I recently came across a rather nice title for a webinar by A10 Networks’ Kevin Broughton– “Hide & Sneak: Defeat Threat Actors Lurking within your SSL Traffic”. “Hide & Sneak” is a good summary of the current state of the cybersecurity game. Whether our adversaries are state actors or less organized miscreants, they find plenty of ways to hide, stay quiet and observe. They can keep this up for years at a time. Our IT practices of the last few decades have engineered very effective business systems. On the other hand, they are sprawling and complex systems, made up of tunnels, bridges and pipes — much of which is out of sight, unless you take special pains to go look in every corner.

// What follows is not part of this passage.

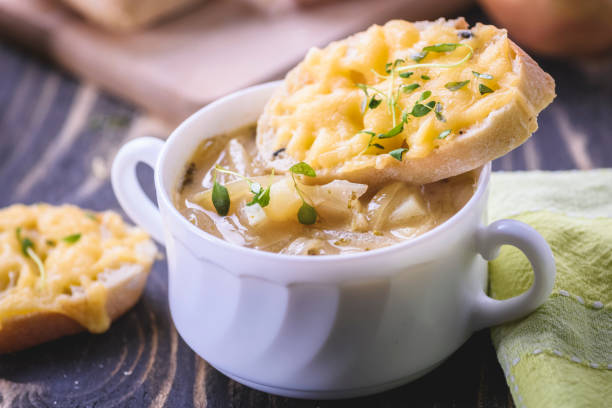 istock onion soup and toast with cheese 1190140115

The “Hide & Sneak” webinar focuses on SSL, just one aspect of just one kind of encryption used in just one kind of VPN. This is worthwhile – I mean no criticism of the content offered. But if we think about how complex just this one widely used piece of infrastructure is, and then take a step back to think about this level of detail multiplied across all the technologies we depend on, it’s obvious that it’s impossible for any single security professional to understand all the layers, all the techniques, and all the complexity involved in mission-critical networks. Given staff shortages, it’s not even possible for a well-funded team to keep enough expertise in-house to deal in full depth with everything involved in today’s networks, let alone keep up with the changes tomorrow.

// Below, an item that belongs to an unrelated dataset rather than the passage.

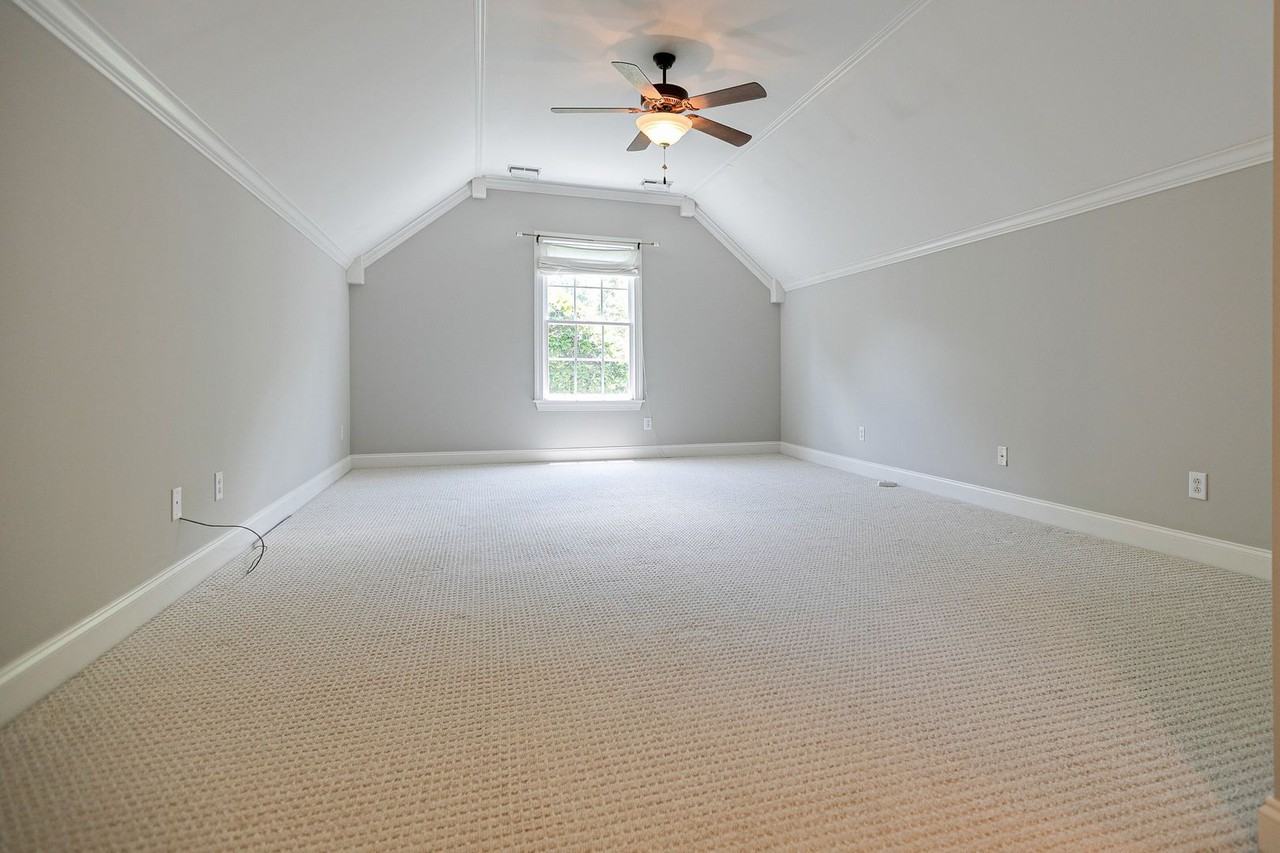 143 Gardenia Way - Photo 2 of 29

If we can’t even hire experts in all aspects of all the technologies we use, how can we defend our mission-critical infrastructure?

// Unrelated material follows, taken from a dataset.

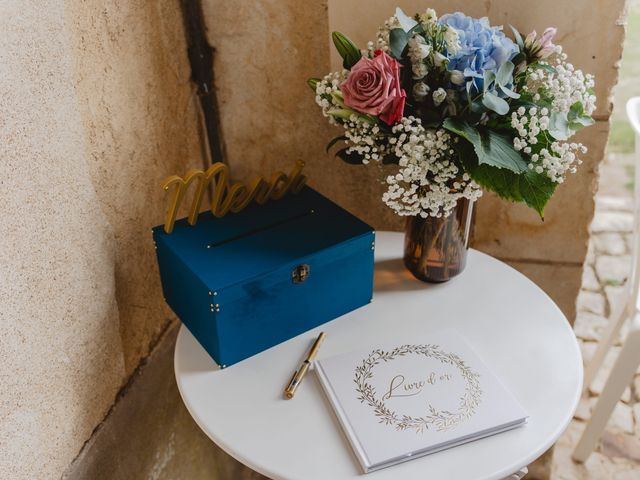 Le mariage de Julien et Alyssa à Nieul-lès-Saintes, Charente Maritime 32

We can break the problem down into three parts – understanding the constantly-shifting array of technologies we use; keeping up with the continuous stream of new defects, issues and best practices; and thinking through the motivations, strategies and behaviors of bad actors. Of these three, the first two are highly automatable (and essentially impossible without automation). The third is the ideal domain for humans – no computer has the wit or insight to think strategically about an intelligent, wily adversary. This is why automation is best focused on understanding the infrastructure, and on uncovering and prioritizing vulnerabilities and defensive gaps.
The best security teams focus human effort on the human problem – understanding the thought patterns of the adversaries, not on learning every detail of every aspect of every technology we use.